Saturday, March 03, 2007

at worst, between us, its good.

today i was in school and i did some good productive studying. actually it was good, but i was very slow. but thats partly because i spent time going through everything and trying to absorb everything properly before i go on. but i guess thats just the price of not paying attention during lectures. i can't afford to do this for everything though, there just isn't enough time.

then i spoke to you and everything went downhill. i need to do some serious thinking about this. aside from the whole getting along thing, i know there's more to it than that so i'm not even going to consider that yet. i think there's something more basic to consider. like what is it that i feel about you, and whether this is something that's going to last? and whether its alright to feel like this. i feel guilty, because i've already got something to think about and then you came along and i almost feel like it is an opportunity that i want to grab. that it might help me veer away from all the things i've been feeling over the last year, which is going nowhere. its just new, and its fresh and i want to have it.

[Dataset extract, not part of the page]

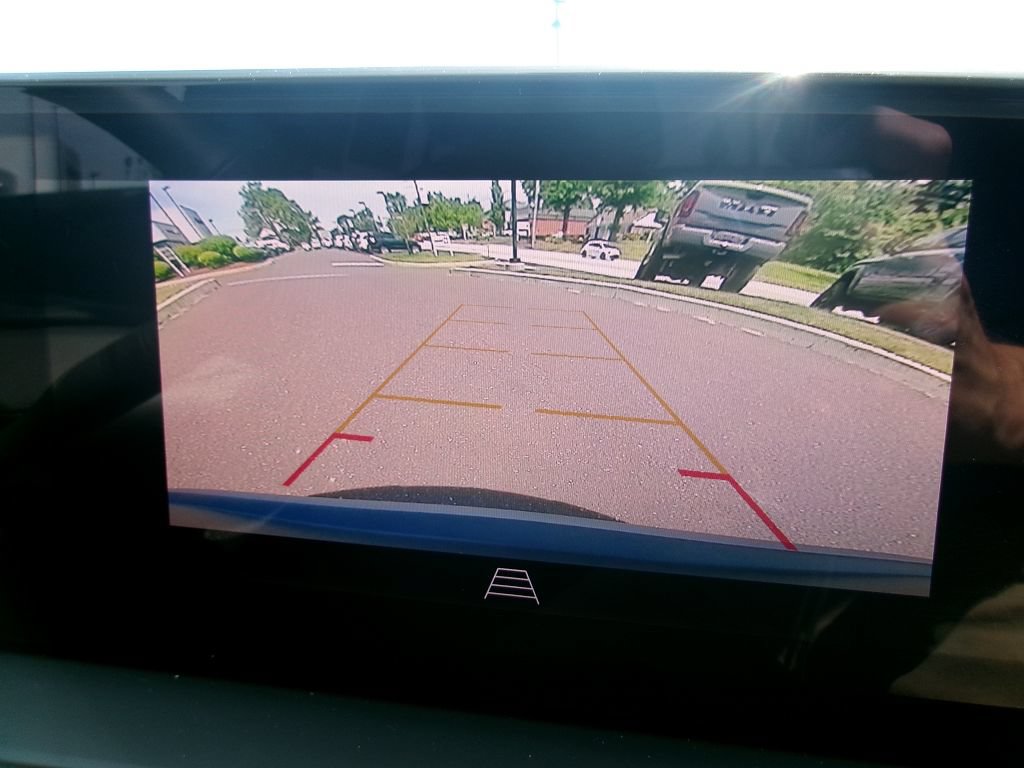 Used 2025 Buick Encore GX Preferred w/ Comfort Package FWD image 21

but i think i'm getting more emotionally involved the more i think about it. at first it was just kind of a light thing, but from the moment i saw the slightest hint of possibility, i began getting very excited about it all. i think i like you because it might work. but i like you too, as a person. i think you're a very good person, and i know i could trust you. but today i realised how very, very, very little i know about you. maybe if i got to know you better i will find something about you that i don't like, although i really doubt it. this is exactly what it was like with j* last year. it was such an immature relationship because you need to dislike and like, in order to be mature about things. but a part of me doesn't want to be mature about anything, i just want to dive into it without thinking about consequences because that's been so hard already. but what if i get to know you and find out more real things about you, other than the fact that you're nice and you're funny. like darker things about you. like about who YOU like. i got a taste of that yesterday and it made my heart sink. but maybe if i'm around you more when you're serious, and when you're thinking, it might make me like you even more. i don't know.

i guess what everyone says is right, that there's nothing i can do now i just have to give it some time. to see where it goes. no point being impatient.

sometimes i get the feeling everyone knows what i'm thinking, or what im saying to others about other people. and its just really scary, because i think the whole world would hate me, everyone would think i was such a bitch if they knew the things i was thinking, or saying. or they would just think i was really, really weird and not want to talk to me anymore. because i think about people in very different ways from most people, i think. i think i choose to relate to people on different basis' from how others choose to relate to me, or people in general. but i dont know because nobody talks about these things. so for all you know everyone could be thinking the same thing. and you know what, i am SO over the trying to be different from everyone else thing. really. i think i must work on trying to get along with people better, i can be such a git sometimes.